The court room can seem like a daunting and unfriendly place for those individuals who prefer not to spend much time there. Author Mark Pfenning offers ten helpful tips for those preparing to face a judge in divorce court.

  1. Settle as many issues as possible before trial: Once you enter the courtroom and the judge begins the trial, no matter how prepared you and your lawyer are, ultimately it is the judge who has the sole authority to decide the case. By resolving as many issues as possible before trial, you maintain some control over the outcome of your case.
  2. Don't expect the judge to decide everything in your favor: "There are three directions the judge can go when making a decision: Your way, your spouse's way, or the Judge's way. As you can see, two out [of] three are not in your favor."
  3. Discuss with your attorney how you should act and what you should say: Talk to your lawyer about where you should sit, when you should stand, and what you should say. It is wise not to speak unless you are on the witness stand being questioned by a lawyer or the judge asks you a question during trial.
  4. It's "Your Honor," not "Hey Judge": In the court room and during trial, the judge should be addressed as "Your Honor" and not simply "Judge." I have seen attorneys make this mistake and get called on it by the judge. While some judges may not correct you, they probably all appreciate this respect shown to the court.
  5. Never speak to or make comments to your spouse when you are before the judge: There is probably nothing good that will come from it at that particular place and time.
  6. Leave all hostile and negative emotions at the door: You will probably feel a wide range of emotions during trial, which is understandable. Be professional. Do not make faces or gestures indicating your displeasure with how things are going if you think they are not going your way. Judges see this and do not like it.
  7. Dress appropriately: Follow your attorney's instructions carefully on how you should dress for court.
  8. Take notes: There will be a lot going on. You and your attorney are really a team, and you can bring helpful insights into the process. As Mr.
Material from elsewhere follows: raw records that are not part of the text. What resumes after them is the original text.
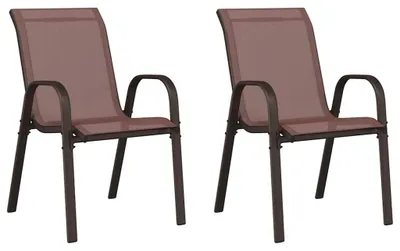 Productafbeelding van Set van 2 Stapelbare Tuinstoelen Bruin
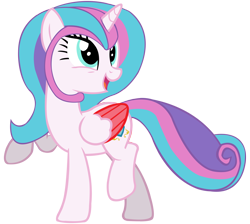 Size: 8499x7600 | Tagged: safe, artist:laszlvfx, princess flurry heart, alicorn, pony, g4, absurd resolution, alternate hairstyle, older, simple background, solo, transparent background, vector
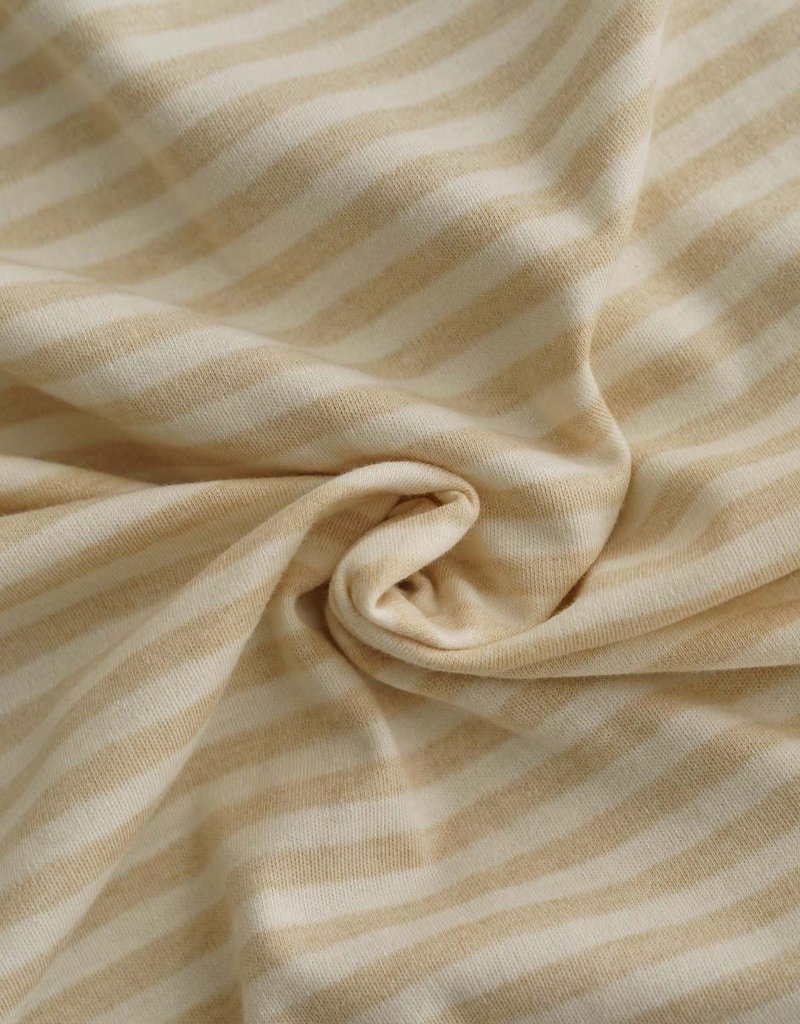 Katia fabrics Purest cotton  big stripes ecru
Pfenning writes, "Your attorney will be very busy during the process and cannot remember or write everything down."
  9. Be prepared and stay organized: Bring all of the pertinent documents and information you can. It's better to have too much "ammunition" than not enough.
  10. Be prepared to be in the court room for some time: Delays are sometimes unavoidable. Despite their best efforts to stay on schedule, judges and court room staff are busy handling other cases. So don't plan on having to be anywhere else or have other pressing matters pending on the day(s) of your trial.